Schools shopping for a head football coach are not unlike investors trying to decide which company’s stock to purchase.
Ideally, an investor wants as many evidence as possible about a company, but wait too long and the bargain disappears.
Similarly, a school wants to know that a coach is not just benefiting from a talented quarterback for a few years and has the whole package that leads to predictable success. But wait too long to hire that coach and a school with a better winning tradition might fly into the picture and scoop him up.
The coach is in a similar position.

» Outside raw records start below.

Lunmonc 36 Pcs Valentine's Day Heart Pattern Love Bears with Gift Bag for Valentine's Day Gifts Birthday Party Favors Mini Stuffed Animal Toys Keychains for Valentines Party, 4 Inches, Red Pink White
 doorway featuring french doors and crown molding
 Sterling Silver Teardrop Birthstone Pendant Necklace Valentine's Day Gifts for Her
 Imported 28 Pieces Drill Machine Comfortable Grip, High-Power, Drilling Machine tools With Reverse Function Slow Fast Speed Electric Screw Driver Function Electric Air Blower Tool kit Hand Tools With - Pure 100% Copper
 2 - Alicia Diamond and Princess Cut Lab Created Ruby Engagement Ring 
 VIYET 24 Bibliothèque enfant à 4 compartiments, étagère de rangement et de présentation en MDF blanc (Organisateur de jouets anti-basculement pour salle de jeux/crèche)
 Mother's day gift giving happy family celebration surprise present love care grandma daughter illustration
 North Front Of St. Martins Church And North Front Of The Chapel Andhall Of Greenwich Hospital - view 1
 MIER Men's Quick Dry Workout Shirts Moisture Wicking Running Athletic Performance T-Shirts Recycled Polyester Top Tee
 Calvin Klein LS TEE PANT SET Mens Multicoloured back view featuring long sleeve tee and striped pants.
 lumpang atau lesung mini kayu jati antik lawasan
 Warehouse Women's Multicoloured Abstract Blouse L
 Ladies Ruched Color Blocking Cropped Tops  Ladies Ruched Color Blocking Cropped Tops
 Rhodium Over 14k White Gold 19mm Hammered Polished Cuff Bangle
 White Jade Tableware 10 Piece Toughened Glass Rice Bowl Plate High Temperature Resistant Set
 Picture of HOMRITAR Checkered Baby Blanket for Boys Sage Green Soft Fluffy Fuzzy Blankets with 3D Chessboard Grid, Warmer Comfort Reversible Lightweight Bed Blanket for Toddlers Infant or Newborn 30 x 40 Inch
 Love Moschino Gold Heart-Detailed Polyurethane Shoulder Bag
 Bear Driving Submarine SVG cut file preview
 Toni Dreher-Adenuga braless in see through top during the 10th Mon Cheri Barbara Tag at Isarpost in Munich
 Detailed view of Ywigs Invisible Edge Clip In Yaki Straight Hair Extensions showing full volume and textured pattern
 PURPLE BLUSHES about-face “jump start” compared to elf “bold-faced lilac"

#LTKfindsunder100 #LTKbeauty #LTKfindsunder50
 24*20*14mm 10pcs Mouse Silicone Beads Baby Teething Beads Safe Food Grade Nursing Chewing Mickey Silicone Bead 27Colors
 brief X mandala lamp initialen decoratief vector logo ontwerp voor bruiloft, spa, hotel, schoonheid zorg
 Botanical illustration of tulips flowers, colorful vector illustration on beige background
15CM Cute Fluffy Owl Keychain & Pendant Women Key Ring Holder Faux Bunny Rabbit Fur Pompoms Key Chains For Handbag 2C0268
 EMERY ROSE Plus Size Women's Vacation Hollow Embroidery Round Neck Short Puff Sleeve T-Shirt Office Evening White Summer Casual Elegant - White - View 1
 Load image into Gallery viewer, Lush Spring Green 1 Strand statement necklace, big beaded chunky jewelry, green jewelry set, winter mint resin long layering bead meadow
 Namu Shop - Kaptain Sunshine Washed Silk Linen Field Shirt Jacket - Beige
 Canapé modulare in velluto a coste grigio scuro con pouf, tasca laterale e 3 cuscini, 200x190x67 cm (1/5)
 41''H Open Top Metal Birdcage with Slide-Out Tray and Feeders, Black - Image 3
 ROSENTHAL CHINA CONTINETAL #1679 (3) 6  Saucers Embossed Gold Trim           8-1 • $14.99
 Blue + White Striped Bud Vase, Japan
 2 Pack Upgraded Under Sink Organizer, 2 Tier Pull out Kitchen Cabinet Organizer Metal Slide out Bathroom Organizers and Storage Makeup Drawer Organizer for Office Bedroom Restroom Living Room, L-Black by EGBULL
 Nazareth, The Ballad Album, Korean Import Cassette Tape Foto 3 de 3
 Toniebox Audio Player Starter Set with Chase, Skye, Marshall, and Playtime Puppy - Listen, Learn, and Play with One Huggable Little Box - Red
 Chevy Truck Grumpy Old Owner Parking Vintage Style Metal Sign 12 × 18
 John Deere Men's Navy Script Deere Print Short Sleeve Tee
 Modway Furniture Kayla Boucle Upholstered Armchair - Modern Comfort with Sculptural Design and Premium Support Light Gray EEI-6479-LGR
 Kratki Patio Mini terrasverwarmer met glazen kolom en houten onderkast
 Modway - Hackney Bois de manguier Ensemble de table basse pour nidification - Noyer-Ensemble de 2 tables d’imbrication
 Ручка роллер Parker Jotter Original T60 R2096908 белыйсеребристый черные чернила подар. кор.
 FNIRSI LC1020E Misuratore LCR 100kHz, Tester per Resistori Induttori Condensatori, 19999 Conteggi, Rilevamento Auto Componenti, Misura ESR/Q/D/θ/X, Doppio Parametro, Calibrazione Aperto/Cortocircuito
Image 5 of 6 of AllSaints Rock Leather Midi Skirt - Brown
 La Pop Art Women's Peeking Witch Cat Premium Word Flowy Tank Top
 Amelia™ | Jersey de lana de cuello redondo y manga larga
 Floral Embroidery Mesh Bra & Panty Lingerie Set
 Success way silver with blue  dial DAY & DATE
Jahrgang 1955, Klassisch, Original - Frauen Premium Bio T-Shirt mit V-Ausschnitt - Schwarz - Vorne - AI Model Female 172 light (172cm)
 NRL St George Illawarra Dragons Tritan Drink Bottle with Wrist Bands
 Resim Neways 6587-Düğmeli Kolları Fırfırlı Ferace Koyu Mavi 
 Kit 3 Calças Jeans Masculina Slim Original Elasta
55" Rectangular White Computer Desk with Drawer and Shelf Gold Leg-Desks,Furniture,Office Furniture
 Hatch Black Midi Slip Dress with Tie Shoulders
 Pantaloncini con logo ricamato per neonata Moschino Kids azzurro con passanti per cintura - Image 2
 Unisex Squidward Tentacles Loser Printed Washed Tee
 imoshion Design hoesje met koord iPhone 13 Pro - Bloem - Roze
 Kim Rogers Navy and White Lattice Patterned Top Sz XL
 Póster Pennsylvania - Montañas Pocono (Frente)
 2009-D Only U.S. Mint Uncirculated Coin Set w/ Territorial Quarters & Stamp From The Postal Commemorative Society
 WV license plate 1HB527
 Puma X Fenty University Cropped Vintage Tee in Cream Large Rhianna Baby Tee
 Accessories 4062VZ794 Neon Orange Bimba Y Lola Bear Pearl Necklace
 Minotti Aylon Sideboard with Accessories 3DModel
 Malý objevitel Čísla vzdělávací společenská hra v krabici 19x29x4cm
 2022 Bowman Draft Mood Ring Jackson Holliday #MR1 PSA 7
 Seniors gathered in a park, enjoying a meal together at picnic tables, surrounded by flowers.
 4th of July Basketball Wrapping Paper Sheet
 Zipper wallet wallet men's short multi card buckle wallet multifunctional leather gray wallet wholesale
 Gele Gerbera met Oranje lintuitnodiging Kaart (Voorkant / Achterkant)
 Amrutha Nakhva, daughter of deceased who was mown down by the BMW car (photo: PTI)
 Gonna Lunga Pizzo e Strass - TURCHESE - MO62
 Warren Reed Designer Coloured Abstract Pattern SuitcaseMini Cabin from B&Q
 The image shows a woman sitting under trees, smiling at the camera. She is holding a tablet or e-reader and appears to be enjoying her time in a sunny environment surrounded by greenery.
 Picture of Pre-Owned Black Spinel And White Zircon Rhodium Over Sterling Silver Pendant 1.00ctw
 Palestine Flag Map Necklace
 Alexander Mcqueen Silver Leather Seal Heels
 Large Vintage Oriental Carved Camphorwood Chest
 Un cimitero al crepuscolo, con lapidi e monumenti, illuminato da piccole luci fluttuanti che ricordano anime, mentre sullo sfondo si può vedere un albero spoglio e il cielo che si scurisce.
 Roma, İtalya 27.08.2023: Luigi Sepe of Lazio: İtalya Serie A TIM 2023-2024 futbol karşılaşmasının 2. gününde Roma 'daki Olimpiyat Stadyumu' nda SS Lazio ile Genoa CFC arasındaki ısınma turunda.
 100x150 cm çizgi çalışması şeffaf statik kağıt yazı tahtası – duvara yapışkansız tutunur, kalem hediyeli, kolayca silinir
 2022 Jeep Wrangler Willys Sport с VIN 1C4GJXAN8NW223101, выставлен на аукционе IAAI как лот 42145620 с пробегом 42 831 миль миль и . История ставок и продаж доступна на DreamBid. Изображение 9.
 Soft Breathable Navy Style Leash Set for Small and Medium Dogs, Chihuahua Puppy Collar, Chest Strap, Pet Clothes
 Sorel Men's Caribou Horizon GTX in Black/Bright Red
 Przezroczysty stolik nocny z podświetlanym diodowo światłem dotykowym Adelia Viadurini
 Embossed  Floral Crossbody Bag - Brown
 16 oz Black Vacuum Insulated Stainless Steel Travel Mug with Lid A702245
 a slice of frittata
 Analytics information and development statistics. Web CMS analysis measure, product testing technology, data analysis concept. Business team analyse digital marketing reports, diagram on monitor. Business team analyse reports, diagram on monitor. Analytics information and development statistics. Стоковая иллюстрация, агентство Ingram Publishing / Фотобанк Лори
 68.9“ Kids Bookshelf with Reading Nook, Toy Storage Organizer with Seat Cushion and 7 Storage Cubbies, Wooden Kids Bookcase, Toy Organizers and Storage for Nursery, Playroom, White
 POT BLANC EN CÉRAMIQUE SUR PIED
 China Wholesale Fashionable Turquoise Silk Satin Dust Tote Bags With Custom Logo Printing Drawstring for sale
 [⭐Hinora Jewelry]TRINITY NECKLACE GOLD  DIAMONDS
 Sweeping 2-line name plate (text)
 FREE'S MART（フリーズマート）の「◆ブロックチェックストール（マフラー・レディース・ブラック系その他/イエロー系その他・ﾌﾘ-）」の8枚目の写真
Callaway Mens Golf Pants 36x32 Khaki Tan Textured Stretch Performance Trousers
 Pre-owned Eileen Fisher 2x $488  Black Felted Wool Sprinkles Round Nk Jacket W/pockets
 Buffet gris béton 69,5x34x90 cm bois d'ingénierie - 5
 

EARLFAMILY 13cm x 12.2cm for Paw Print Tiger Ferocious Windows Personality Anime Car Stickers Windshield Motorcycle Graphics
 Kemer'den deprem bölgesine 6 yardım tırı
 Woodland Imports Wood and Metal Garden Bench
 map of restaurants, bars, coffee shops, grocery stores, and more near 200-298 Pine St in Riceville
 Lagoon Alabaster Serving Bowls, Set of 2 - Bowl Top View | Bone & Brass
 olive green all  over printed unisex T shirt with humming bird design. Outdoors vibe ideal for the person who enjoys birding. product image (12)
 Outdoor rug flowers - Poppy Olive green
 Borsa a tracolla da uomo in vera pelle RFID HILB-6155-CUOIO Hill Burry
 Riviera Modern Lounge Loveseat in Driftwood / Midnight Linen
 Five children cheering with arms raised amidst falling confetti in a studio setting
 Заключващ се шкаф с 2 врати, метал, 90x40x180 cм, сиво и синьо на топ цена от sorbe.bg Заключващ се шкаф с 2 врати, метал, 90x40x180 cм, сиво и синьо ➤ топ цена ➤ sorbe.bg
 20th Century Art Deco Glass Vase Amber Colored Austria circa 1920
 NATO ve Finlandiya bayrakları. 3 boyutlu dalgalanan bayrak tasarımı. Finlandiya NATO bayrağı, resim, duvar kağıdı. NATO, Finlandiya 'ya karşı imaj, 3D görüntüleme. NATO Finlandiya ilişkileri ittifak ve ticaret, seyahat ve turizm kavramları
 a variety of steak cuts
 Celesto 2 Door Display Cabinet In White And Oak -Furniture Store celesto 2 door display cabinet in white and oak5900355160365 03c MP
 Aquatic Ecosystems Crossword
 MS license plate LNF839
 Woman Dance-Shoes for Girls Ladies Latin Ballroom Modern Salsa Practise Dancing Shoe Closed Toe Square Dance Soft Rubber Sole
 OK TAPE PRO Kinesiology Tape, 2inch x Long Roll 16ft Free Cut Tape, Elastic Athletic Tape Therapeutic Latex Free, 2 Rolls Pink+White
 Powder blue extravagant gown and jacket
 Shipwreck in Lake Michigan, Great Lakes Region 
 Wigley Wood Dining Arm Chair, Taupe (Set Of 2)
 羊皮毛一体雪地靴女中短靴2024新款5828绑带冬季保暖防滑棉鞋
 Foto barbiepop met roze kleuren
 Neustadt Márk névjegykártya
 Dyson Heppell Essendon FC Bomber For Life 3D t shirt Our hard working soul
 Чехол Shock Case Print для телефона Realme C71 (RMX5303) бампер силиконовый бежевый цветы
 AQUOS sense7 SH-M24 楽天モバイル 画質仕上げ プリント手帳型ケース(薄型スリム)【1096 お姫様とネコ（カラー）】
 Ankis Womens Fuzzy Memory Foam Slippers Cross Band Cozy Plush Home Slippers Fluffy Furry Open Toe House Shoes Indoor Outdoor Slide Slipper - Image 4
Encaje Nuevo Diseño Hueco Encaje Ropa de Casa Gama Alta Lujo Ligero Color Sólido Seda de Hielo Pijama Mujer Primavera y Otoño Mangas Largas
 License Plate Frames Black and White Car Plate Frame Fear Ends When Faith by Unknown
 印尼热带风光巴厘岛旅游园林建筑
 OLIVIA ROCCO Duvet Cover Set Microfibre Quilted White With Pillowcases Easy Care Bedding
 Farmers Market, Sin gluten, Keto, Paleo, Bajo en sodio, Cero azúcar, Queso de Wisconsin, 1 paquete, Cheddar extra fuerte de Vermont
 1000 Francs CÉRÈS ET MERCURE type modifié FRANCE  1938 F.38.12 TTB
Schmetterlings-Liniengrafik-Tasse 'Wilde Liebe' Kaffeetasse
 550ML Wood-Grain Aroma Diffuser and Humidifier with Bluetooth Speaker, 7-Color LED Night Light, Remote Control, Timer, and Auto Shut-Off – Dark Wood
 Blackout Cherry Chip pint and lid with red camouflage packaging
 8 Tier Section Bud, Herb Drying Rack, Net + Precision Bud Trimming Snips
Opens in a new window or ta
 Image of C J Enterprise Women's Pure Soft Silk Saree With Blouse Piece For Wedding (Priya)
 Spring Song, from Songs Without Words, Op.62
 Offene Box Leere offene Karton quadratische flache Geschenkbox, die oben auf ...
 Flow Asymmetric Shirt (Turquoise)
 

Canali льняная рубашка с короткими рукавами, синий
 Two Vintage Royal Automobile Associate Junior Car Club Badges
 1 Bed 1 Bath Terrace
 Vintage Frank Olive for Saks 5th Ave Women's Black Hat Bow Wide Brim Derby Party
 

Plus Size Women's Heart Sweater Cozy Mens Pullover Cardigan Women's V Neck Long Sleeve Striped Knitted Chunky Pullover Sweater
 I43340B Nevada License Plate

He might be offered a big raise, but if he believes in himself, he might want to wait another year for a better opportunity.
Not every coach who could get a significant raise to coach Kansas would be interested in taking on the challenge and KU won’t want to woo a lukewarm candidate with money.
In building this list, I tried to limit it to candidates who likely will be interested, but some might want to hold on for an offer from a school with a deeper winning tradition.
Today’s candidate would have been higher on this list if the chances of landing him were greater.
No. 8 — Bryan Harsin, Boise State
Record at school: 42-12
Overall record: 49-17
Impressive win: vs. No. 10 Arizona, 38-30, Dec. 31, 2014, Fiesta Bowl
Why he made the list: The second coach in this series who received his first break as a head coach from Arkansas State athletic director Terry Mohajir, Harsin leads the nation’s highest-profile “Group of Five” program and has done an outstanding job with the opportunity.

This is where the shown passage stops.